Ferenc Kiefer was elected the third President of the International Pragmatics Association, succeeding John Gumperz and Sandra Thompson, serving from 1995 to 1999, and organizing the 7th International Pragmatics Conference held in Budapest in 2000. With his reputation and personality, Kiefer was the ideal candidate for an international organization like the CIPL. Although he really did not apply for it, he was the elected president of the Comité International Permanent des Linguistes from 2003 to 2013. In this position he was responsible for the international congresses 2008 in Seoul and 2013 in Geneva. Although he was skeptic about congresses of this general type and size (the last big one he attended was the 14th International Pragmatics Conference in Antwerp in 2015), compared to smaller conferences on more specific domains, he used all his energy to stabilize the CIPL-tradition.
Kiefer was in fact successful in several respects. Still before he returned to Budapest with his family, he was able to acquire a wonderful flat at one of the most spectacular places in Budapest – right on the Gellért-hill, looking straight down onto the majestic Danube. Linguists from all over the world have been guests in this famous place, enjoying not only inspiring discussions, but also the singular view.
It would obviously be wrong to think of Kiefer only as a particularly successful linguist. He was in the first place characterized by his natural art of savoir vivre. He was not only a friend of the special Hungarian wines and the particular Hungarian (and French!) cuisine, he was a first-rate cook himself, as guests at his inviting place would attest with pleasure. But to Feri luxury did not just mean comfortable living. He was a real expert in all branches of art, a personal friend of active painters and sculptors, a regular attendant of opera, theater and concerts. His musical education was not confined to competent listening; he played with pleasure his own instrument, and it could happen, when you drove with him along a nice view, that he stopped his car, took out his violin and in the plain air he played a tune that enlightened the landscape.

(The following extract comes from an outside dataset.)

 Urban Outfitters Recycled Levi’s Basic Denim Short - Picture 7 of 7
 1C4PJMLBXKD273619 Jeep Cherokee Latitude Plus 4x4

Ferenc was an unambitious character, not a man of great words or big slogans, he convinced his partners by what he did, without noise. His success sometimes appeared as a pure surprise, but in fact it was the result of skill, cleverness – and serious work. To his colleagues and especially to his students, he was remarkably friendly and supportive, he always thought of practical possibilities, invented topics to work on, found ways to solve problems and shared them generously. His large net of connections with colleagues, institutions, and projects permitted him practical help and advice in a large range of cases. He always had a smile, and he clearly preferred a joke over a complaint.
While he had always stayed clear of political positioning in public, during the final years of his academic life, Ferenc did not hide his increasing disappointment with political developments in Hungary. In particular, he condemned the rude interference with the regular organizational structure of the Academy, too reminiscent of the autocratic tendencies of the past and, in his opinion, bordering on incompetence.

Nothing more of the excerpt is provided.